In the listing that follows, how many lines include the string "Model"? Reply with only the number.

- _ENTRIES PROVIDED_
↓
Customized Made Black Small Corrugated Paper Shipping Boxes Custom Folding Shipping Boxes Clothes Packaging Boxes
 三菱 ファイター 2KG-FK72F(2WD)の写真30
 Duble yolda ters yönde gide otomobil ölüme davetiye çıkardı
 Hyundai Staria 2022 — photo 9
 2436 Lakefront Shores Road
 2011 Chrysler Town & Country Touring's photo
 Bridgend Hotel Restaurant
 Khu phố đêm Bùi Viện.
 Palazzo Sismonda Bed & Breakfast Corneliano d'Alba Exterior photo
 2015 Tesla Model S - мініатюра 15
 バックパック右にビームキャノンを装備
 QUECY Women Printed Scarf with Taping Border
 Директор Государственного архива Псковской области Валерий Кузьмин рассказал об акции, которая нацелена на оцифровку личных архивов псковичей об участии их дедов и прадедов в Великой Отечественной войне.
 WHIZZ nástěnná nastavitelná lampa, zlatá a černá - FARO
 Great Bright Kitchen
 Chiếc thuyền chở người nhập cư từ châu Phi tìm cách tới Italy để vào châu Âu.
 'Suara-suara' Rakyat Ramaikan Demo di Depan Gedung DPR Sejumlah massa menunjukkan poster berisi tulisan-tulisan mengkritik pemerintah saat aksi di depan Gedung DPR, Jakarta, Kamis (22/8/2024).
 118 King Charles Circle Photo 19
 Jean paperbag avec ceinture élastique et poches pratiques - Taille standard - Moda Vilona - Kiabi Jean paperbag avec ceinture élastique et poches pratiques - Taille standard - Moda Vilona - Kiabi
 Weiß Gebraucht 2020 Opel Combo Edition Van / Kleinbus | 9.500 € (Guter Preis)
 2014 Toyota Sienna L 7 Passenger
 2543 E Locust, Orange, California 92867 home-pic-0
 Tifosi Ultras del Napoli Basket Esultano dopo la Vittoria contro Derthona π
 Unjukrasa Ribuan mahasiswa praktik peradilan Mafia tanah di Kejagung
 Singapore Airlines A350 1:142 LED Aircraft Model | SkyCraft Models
↑
- _EXPECTED OUTPUT_
2